EXERCISE DETAILS - An exact copy of the entries, with every picture omitted, is what is needed here.

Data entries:
---

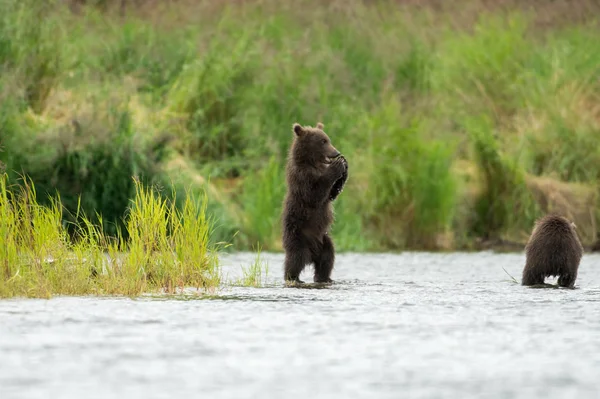 Alaskan brown bear cubs — Stock Photo, Image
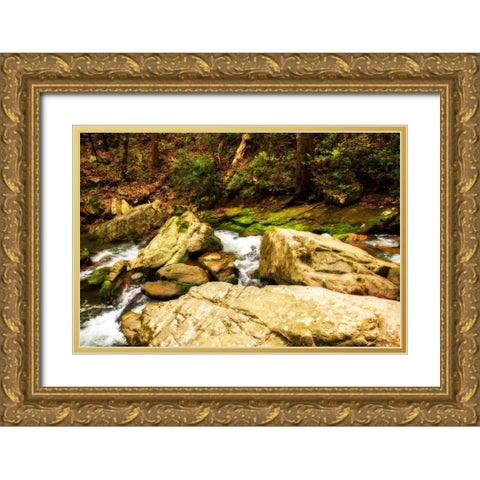 Covington Woods I Gold Ornate Wood Framed Art Print with Double Matting by Hausenflock, Alan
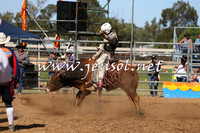 ForbesRodeo2015_0939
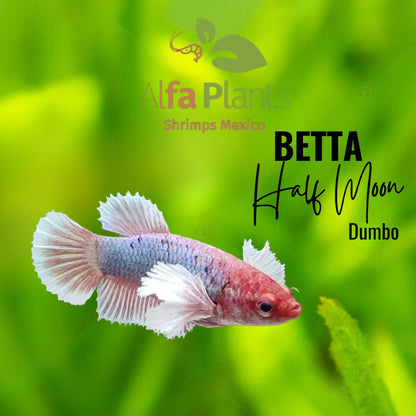 Pez Betta Half Moon Dumbo Hembra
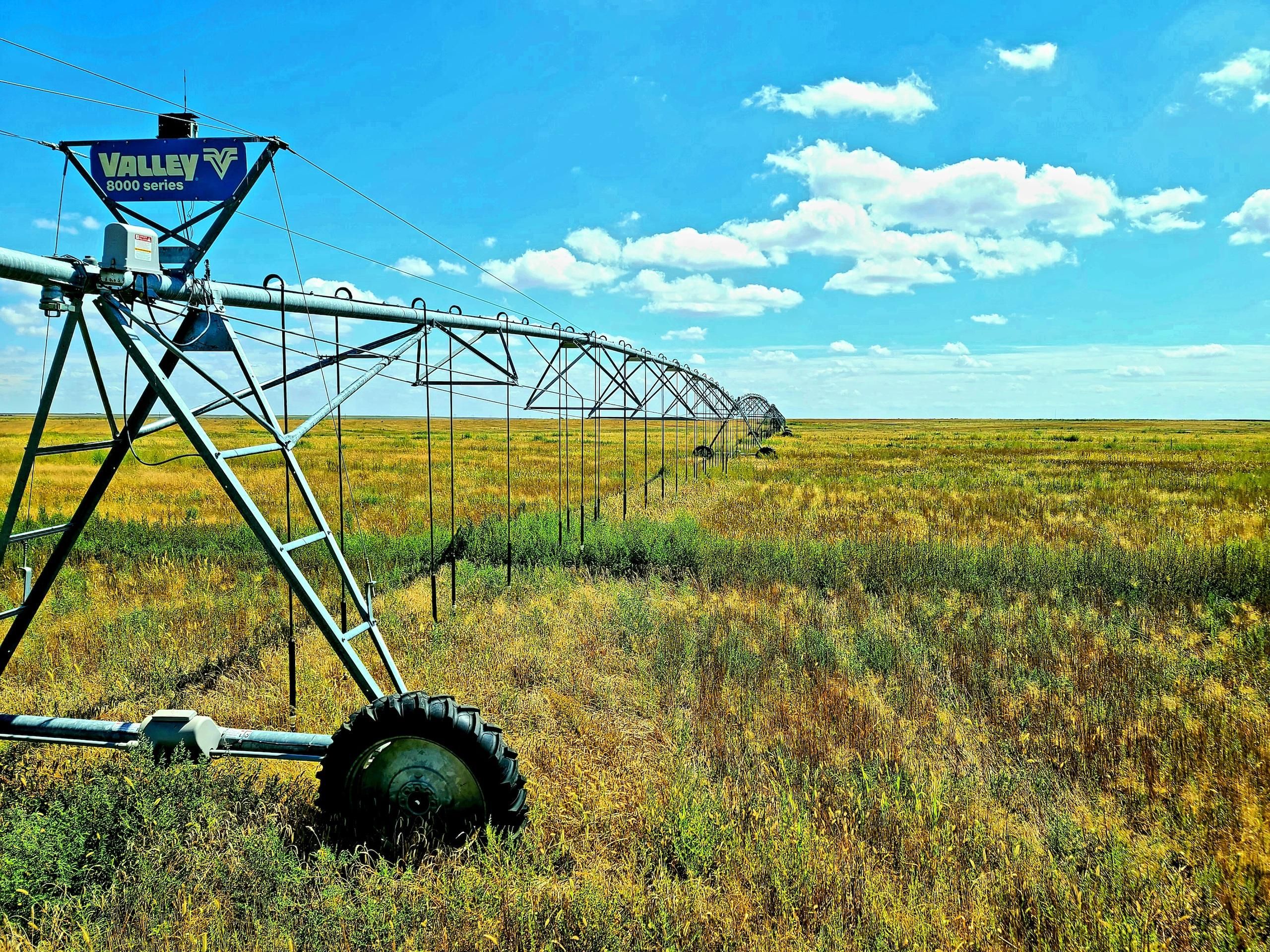 302.8 Acres, Wa wB, Sharon Springs, KS 67758 Land and Farm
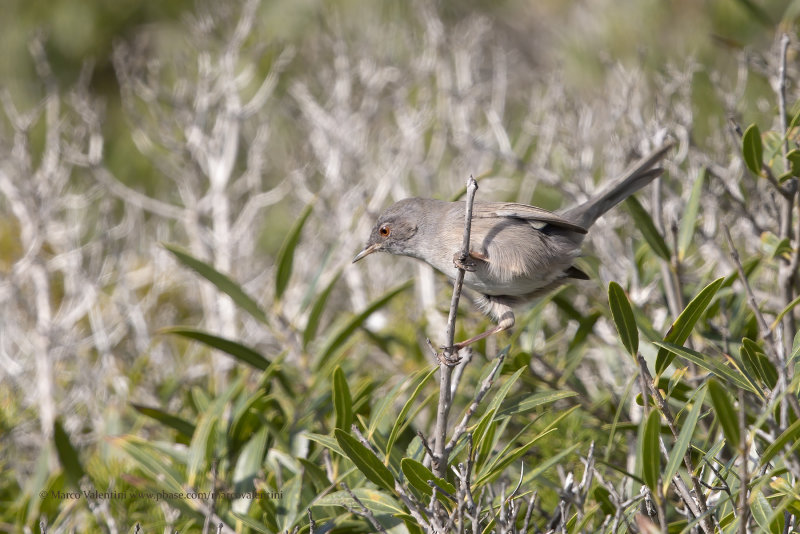 Marmora's Warbler - Sylvia sarda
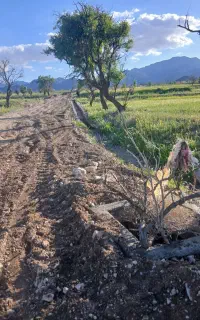 کود گاو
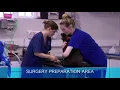 AllPets Veterinary Hospital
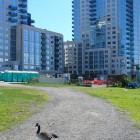 East River State Park: des oies en liberté!
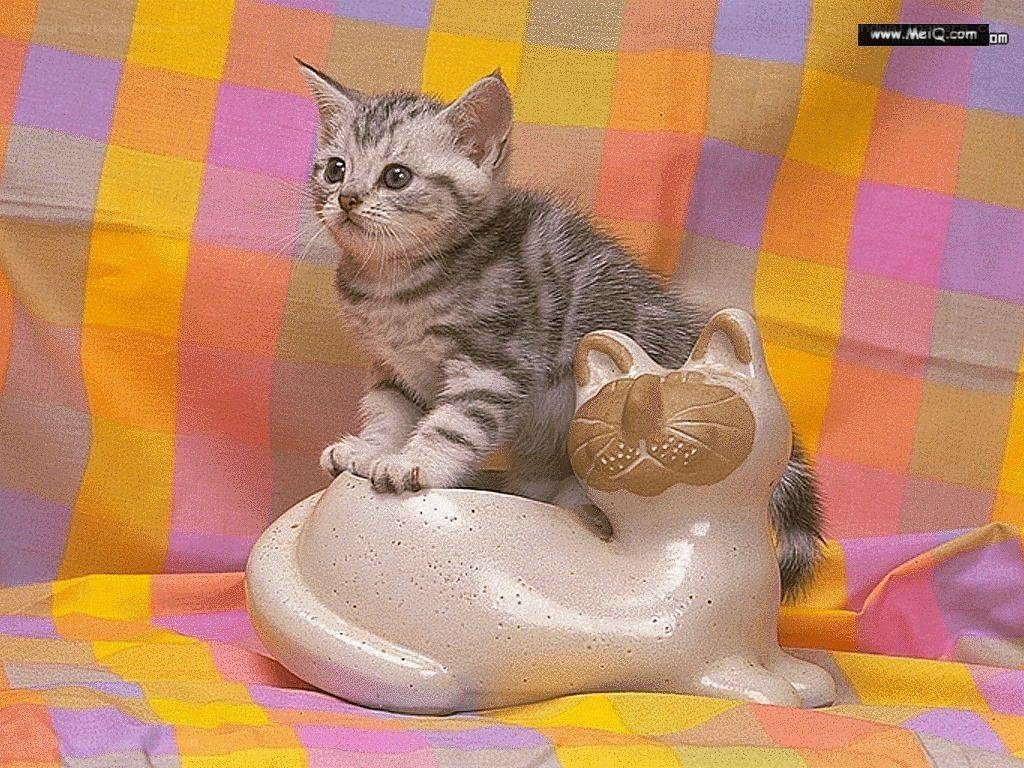 kitten on ceramic cat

---

YOUR SOLUTION -
 Alaskan brown bear cubs — Stock Photo, Image
 Covington Woods I Gold Ornate Wood Framed Art Print with Double Matting by Hausenflock, Alan
 ForbesRodeo2015_0939
 Pez Betta Half Moon Dumbo Hembra
 302.8 Acres, Wa wB, Sharon Springs, KS 67758 Land and Farm
 Marmora's Warbler - Sylvia sarda
 کود گاو
 AllPets Veterinary Hospital
 East River State Park: des oies en liberté!
 kitten on ceramic cat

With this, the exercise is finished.